The quarterly economic survey of more than 7,000 businesses, showed that the economy has made progress, and that exports were performing particularly well, with deliveries and orders near the all-time peak level seen in 1994.
However, the first transport survey by manufacturers’ organisation EEF, shows that our stretched transport infrastructure could be hindering the UK industry’s efforts. The government’s target is to double exports to £1tn a year by 2020, but do UK companies feel that investment is being made in the areas which should be a priority?
We spoke with Bart O’Sullivan Business Development Manager at Ennis Construction. He explained: “Over the past few months we have heard plenty about the government’s plans for High Speed rail links, however there is a feeling amongst businesses that our road network is being neglected. We all drive over pot holes on a daily basis, but unless you’re in the transport and manufacturing industry, you don’t realise the operational cost implications these have.”
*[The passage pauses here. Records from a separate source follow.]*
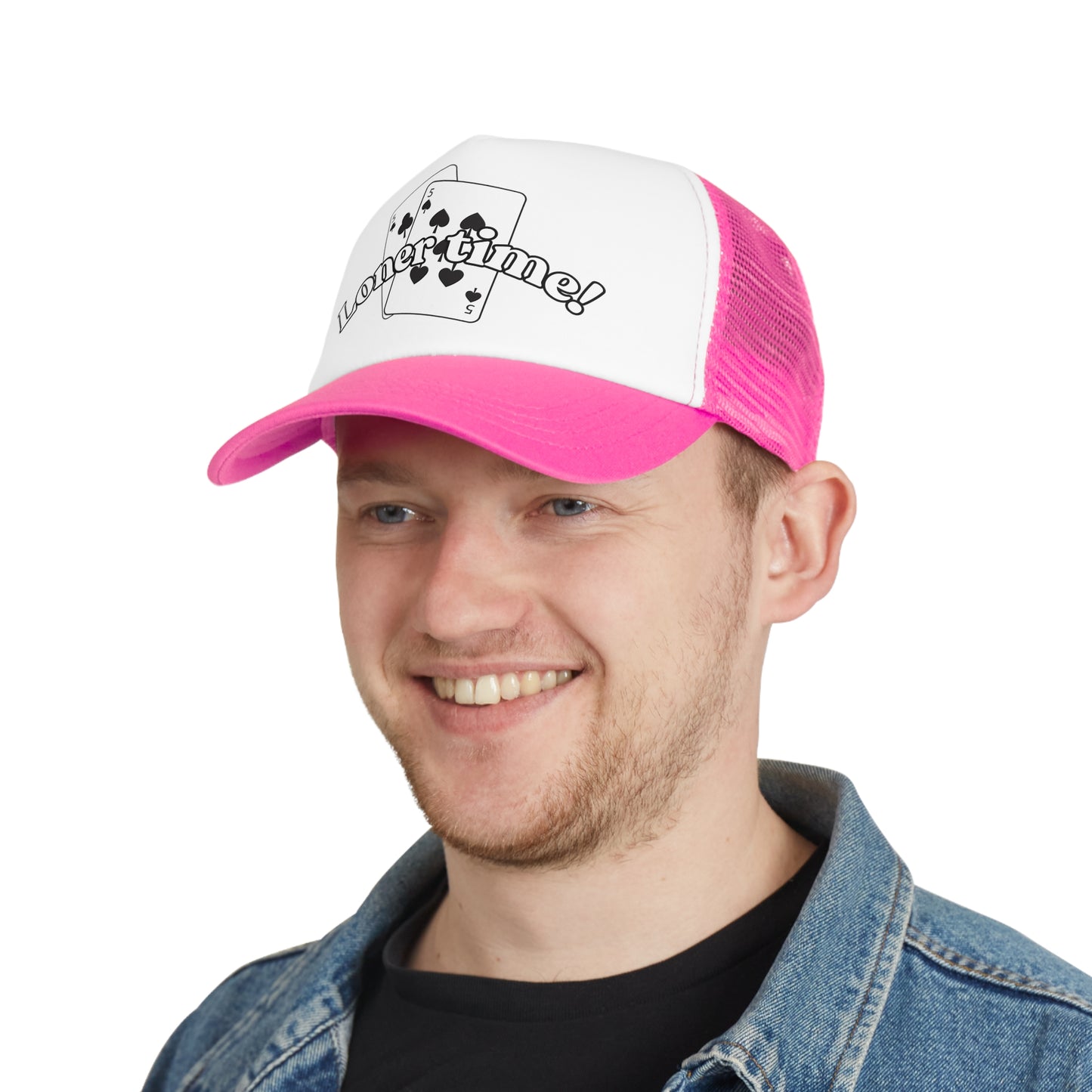"Loner time!" Mesh Cap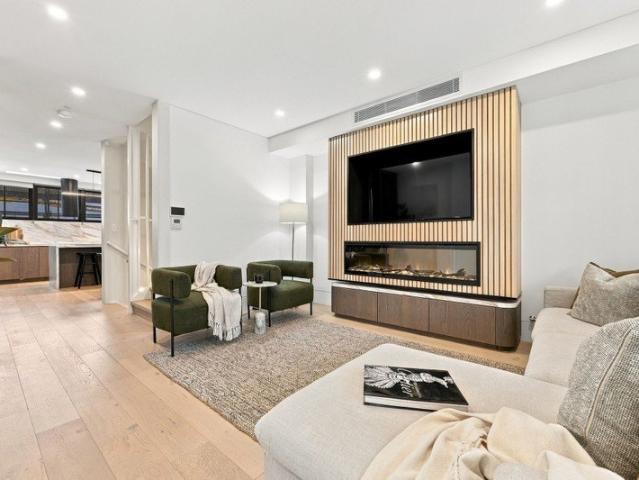 A Bespoke Four Level Residence of Exceptional Craftsmanship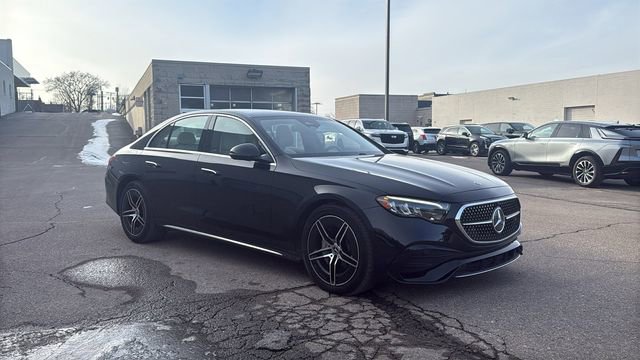 Certified 2025 Mercedes-Benz E 350 4MATIC Sedan image 2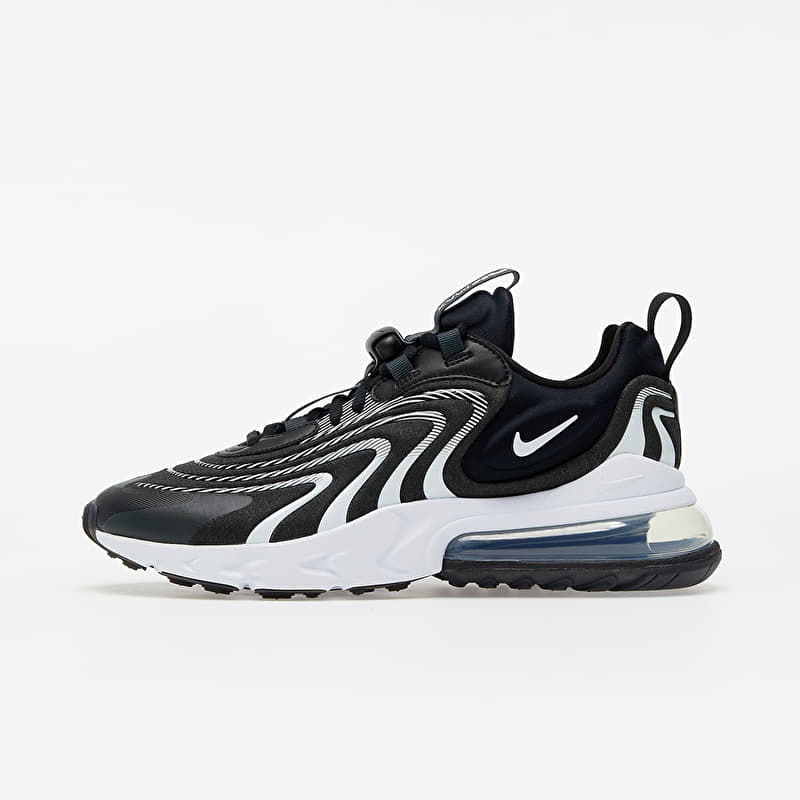 Nike Air Max 270 React ENG Black/ White-Dk Smoke Grey-Wolf Grey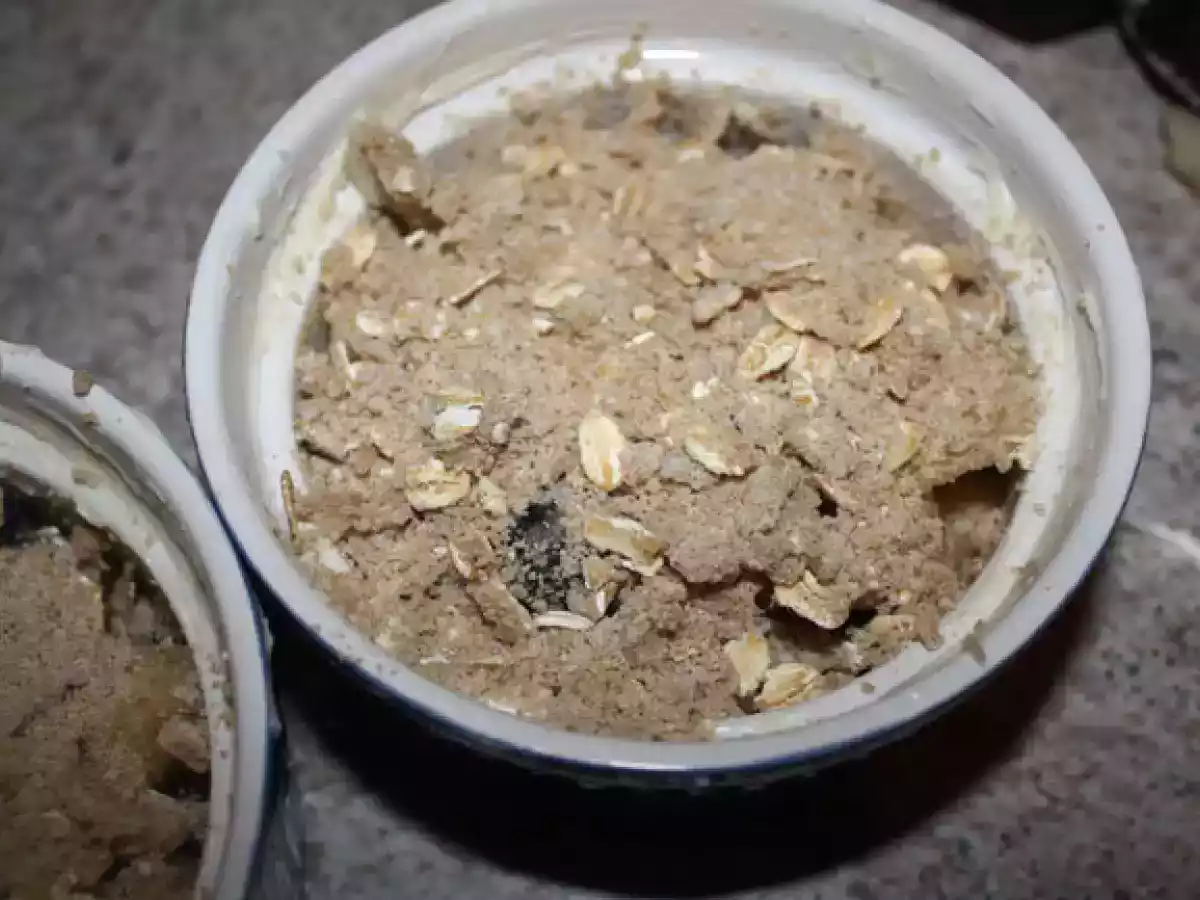 Blueberry-Pear Crisp (serves 2) - photo 5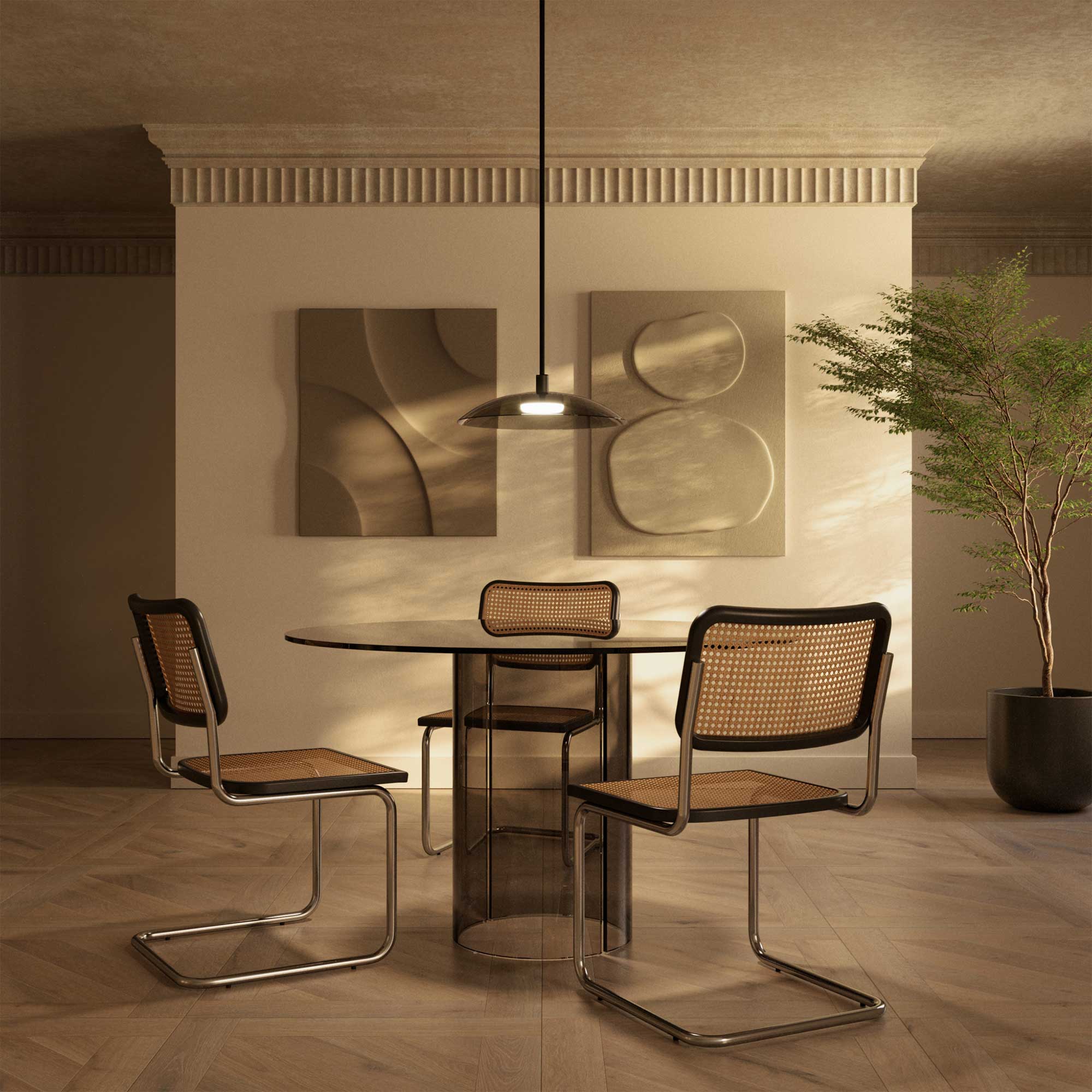 Aromas Betty LED závěsné svítidlo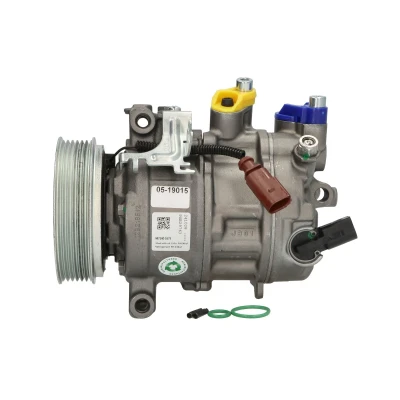 Abbildung von ELSTOCK 51 1249 Kompressor PAG 46 YF R1234yf mit Dichtungen VOLKSWAGEN: Tiguan Allspace, Golf 7 Variant, Schrägheck, SKODA: Octavia 3 Combi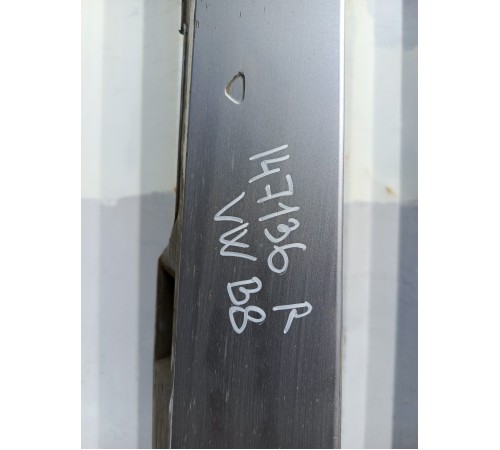 Накладка порога правая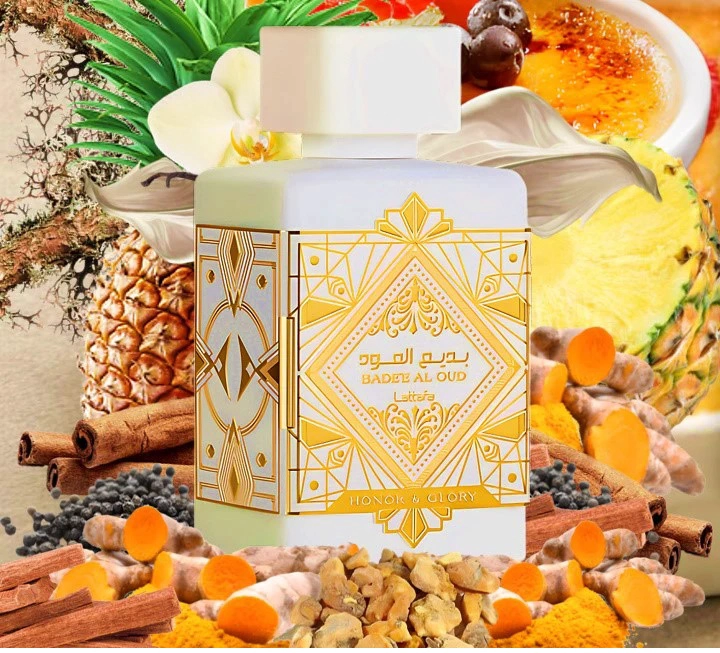 PERFUME LATTAFA BADEE AL OUD HONOR & GLORY EDP 100 ML UNISEX - 3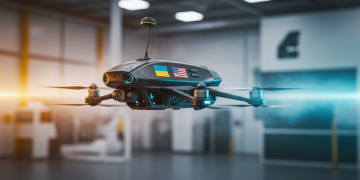 避開飛彈威脅！烏克蘭無人機龍頭攜手美國Wilcox打造防禦神器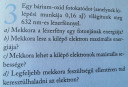 Fizika házifeladat – feladat kép 1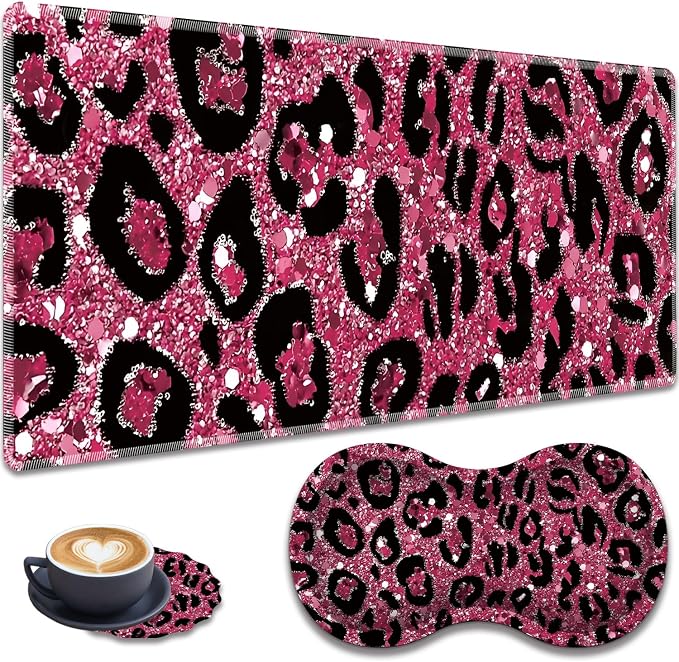 Pink Glitter Cheetah Prit
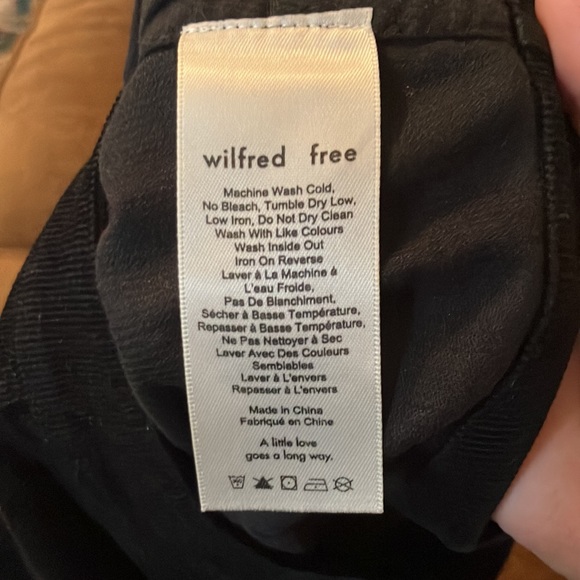 Aritzia Wilfred and Free Corduroy Skirt Size 6 - Picture 5 of 9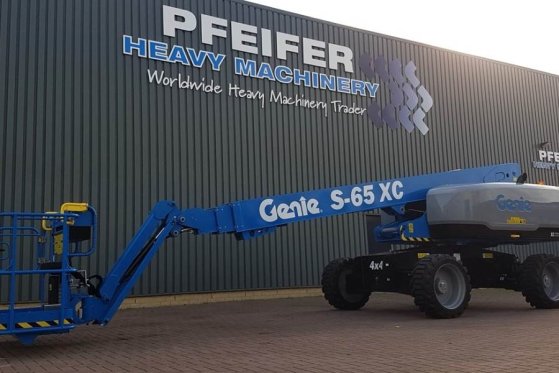 Genie S65XC Valid inspection, *Guarantee! Diesel, 4x4 Dr S65XC Valid inspection, *Guarantee! Diesel, 4x4 Dr 2020 2 image 11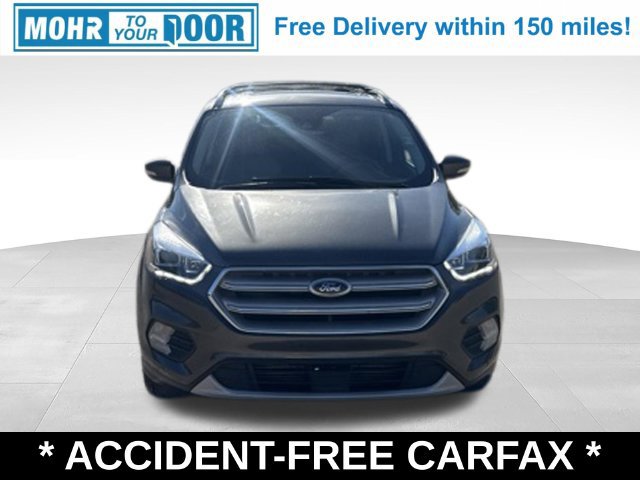 Used 2018 Ford Escape Titanium w/ Ford Safe & Smart Package FWD image 9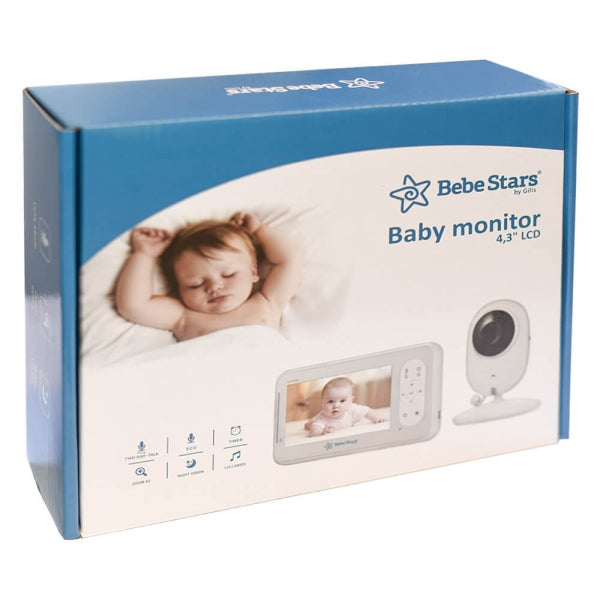 Monitor - kamera 4,3"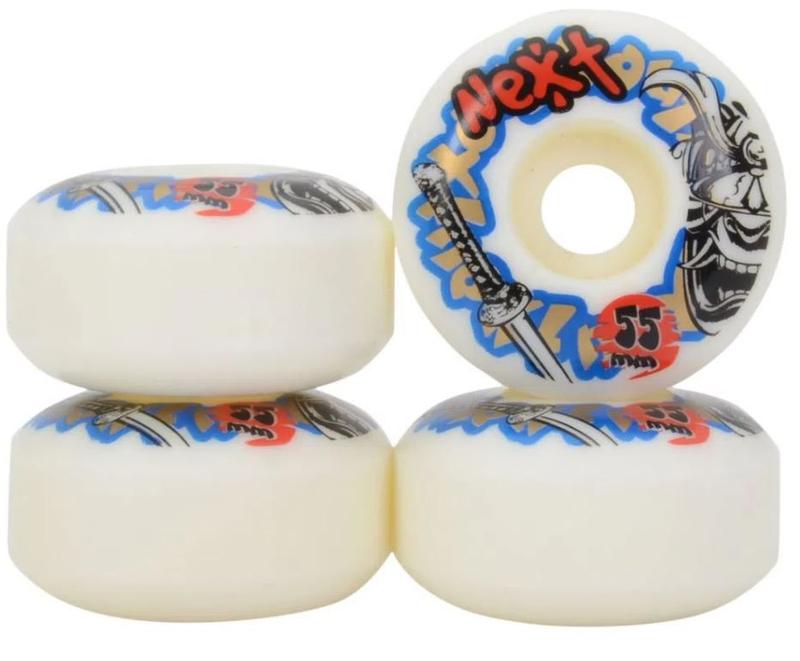 Roda Skate Next 55mm Dureza 101A Poliuretano - Rodas de Skate ...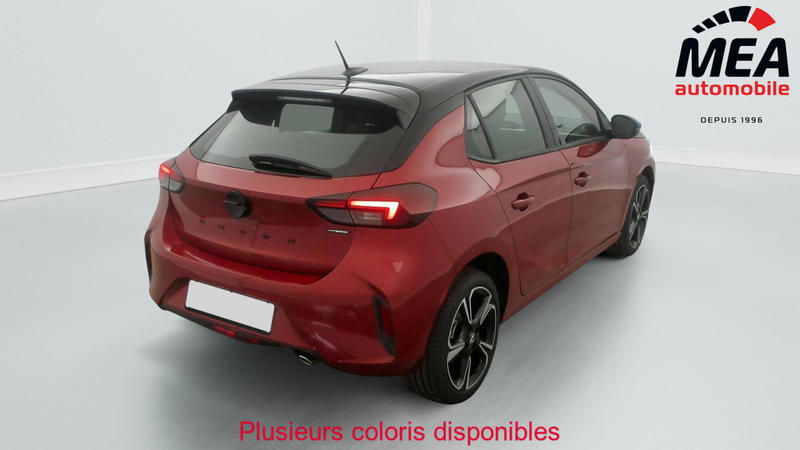 Opel Corsa 1.2 Turbo Hybrid 110 ch e-Dct6 Gs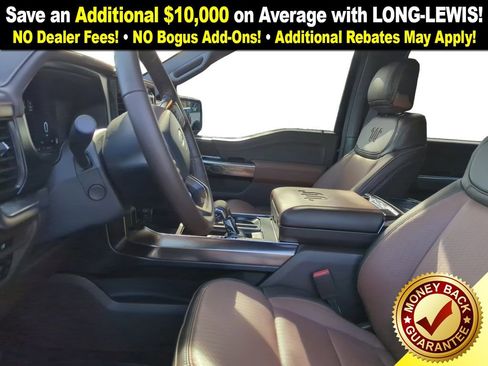 Used 2025 Ford F150 King Ranch w/ FX4 Off-Road Package image 14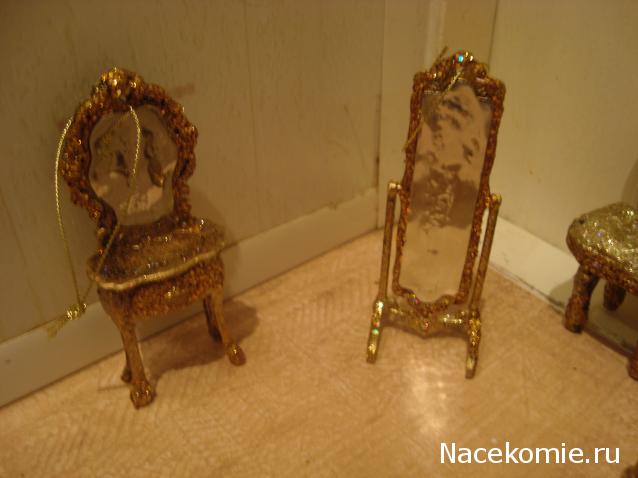 Мебель и аксессуары для кукольного дома НЕ ИЗ ЖУРНАЛА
The survey found that four out of five businesses rely on the road network and it is critical to their business and fifty per cent said that the state of the roads significantly increases their operating costs.
Bart continued; “According to the EEF’s survey, the rail network was seen as a priority for just 6% of companies, yet rail investment currently attracts 30% more funding than roads. UK businesses will be looking at the forthcoming transport strategy to address this and hopefully provide some rebalance.”